Every entry is to be returned exactly as it stands; the pictures are to be dropped.

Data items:
════
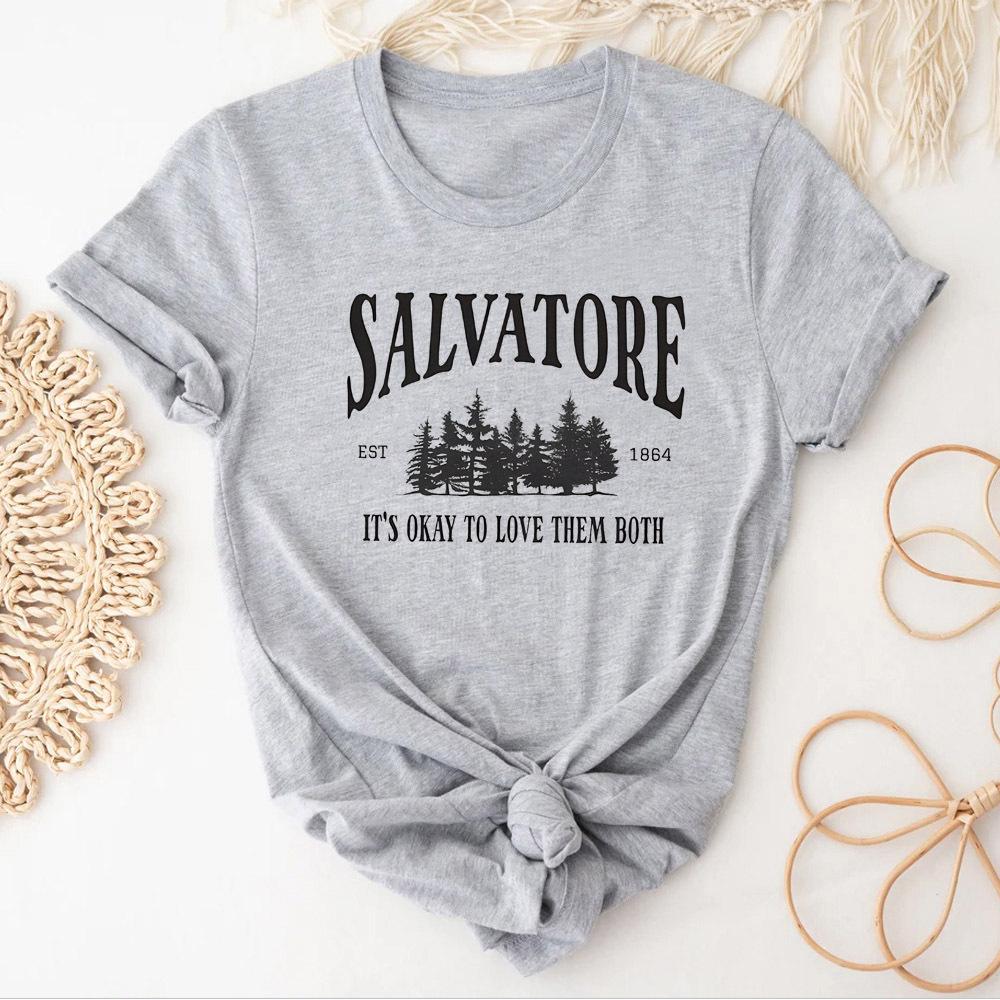 Damon Salvatore t shirt teen Gothic University hip hop kawaii Y2k 80s t shirt Grunge women kawaii streetwear Retro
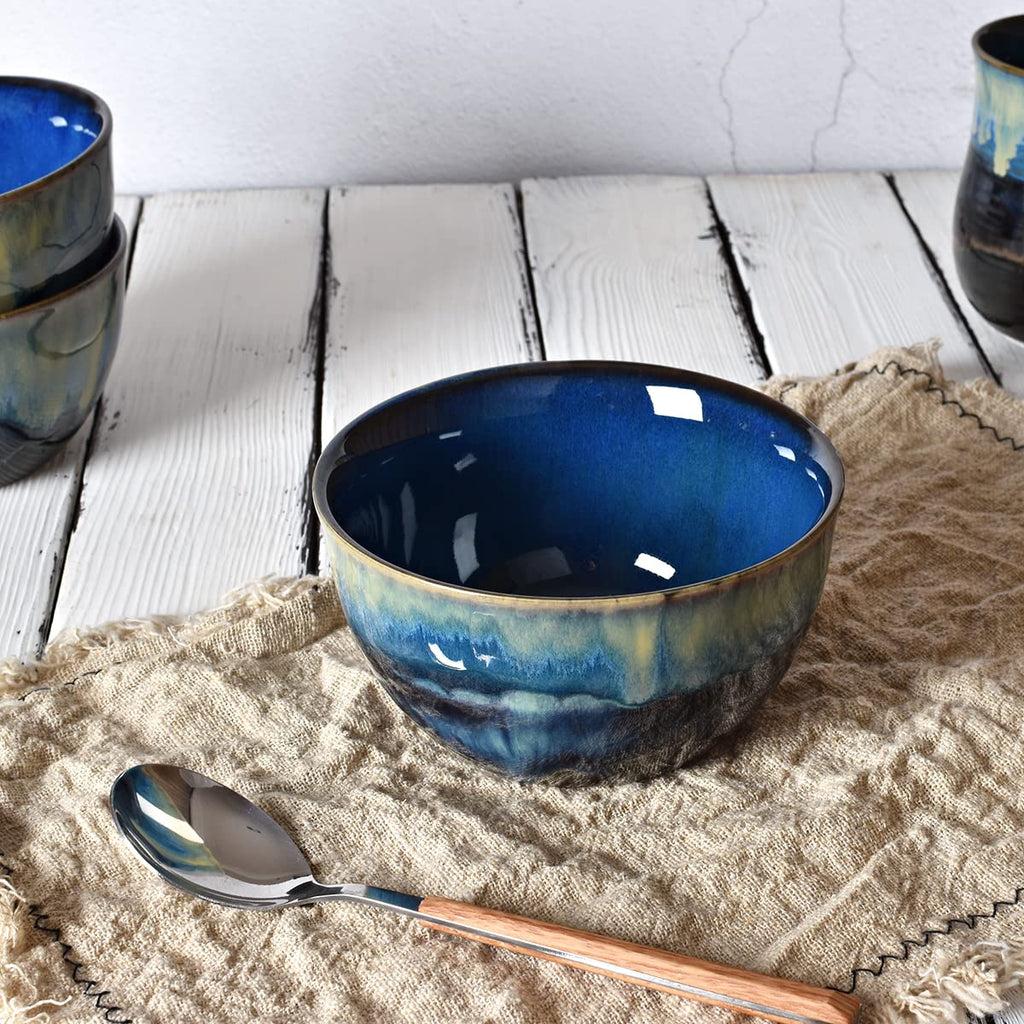 Blue Stoneware Cereal Bowls Set of 4, 26 Oz X1414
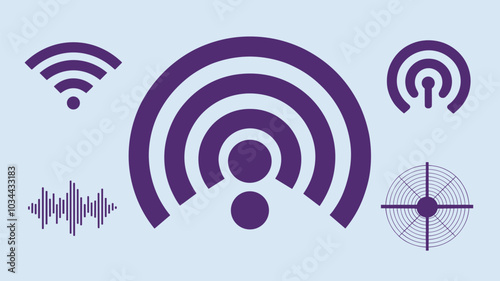 Realistic set of purple radio wave signal signs isolated on transparent background. Vector illustration of radial symbol of wifi connection, sound spread, pulse effect, vibration frequency, radar area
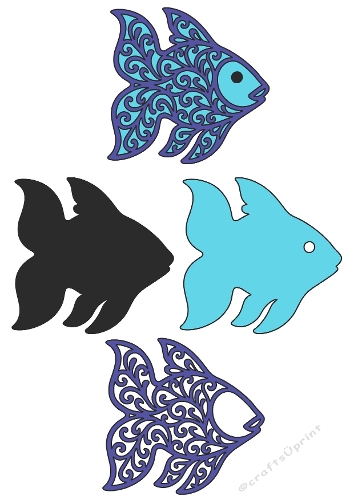 3D Ornamental Fish Kit | Layered Silhouette Set | SVG and Silhouette Files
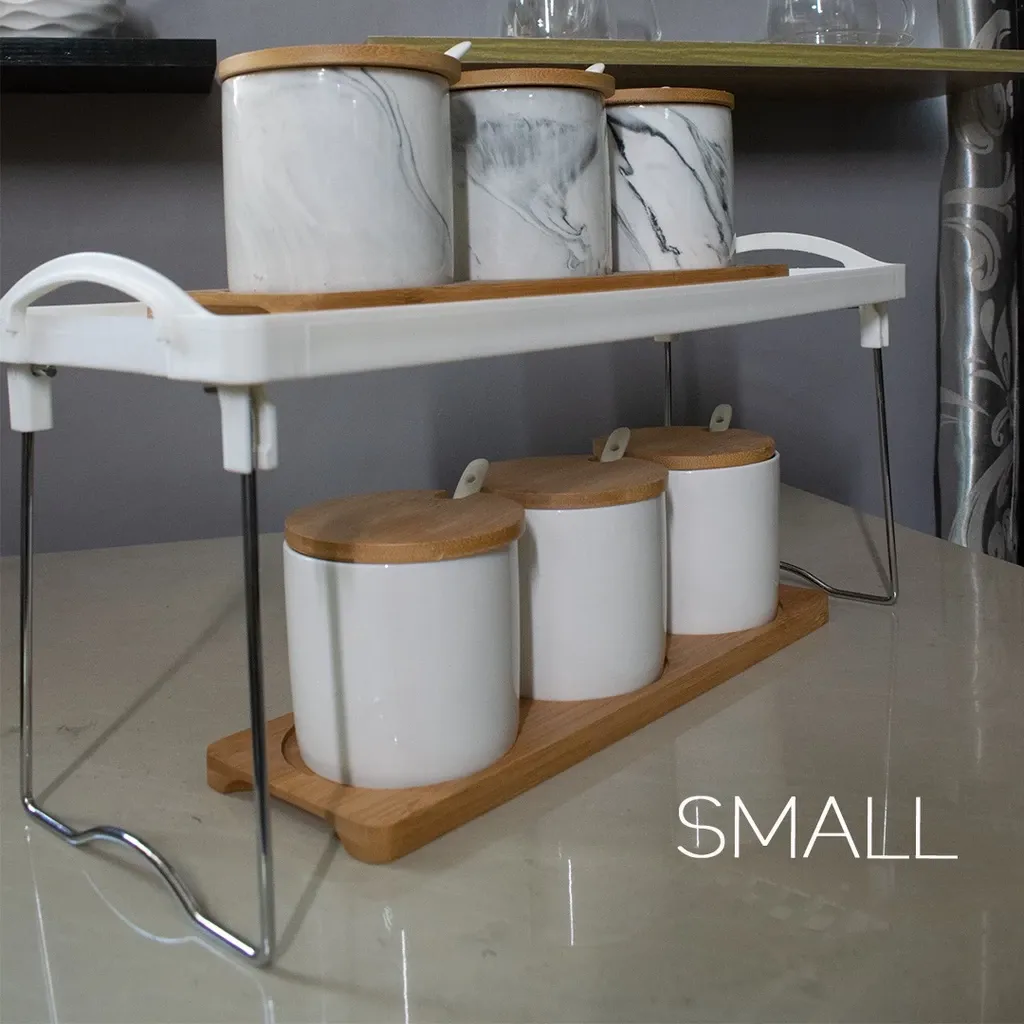 LOCAUPIN foldable kitchen shelf dinnerware storage rack in PP plastic and stainless steel, folded and standing views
════
**Solution to this task**
 Damon Salvatore t shirt teen Gothic University hip hop kawaii Y2k 80s t shirt Grunge women kawaii streetwear Retro
 Blue Stoneware Cereal Bowls Set of 4, 26 Oz X1414
 Realistic set of purple radio wave signal signs isolated on transparent background. Vector illustration of radial symbol of wifi connection, sound spread, pulse effect, vibration frequency, radar area
 3D Ornamental Fish Kit | Layered Silhouette Set | SVG and Silhouette Files
 LOCAUPIN foldable kitchen shelf dinnerware storage rack in PP plastic and stainless steel, folded and standing views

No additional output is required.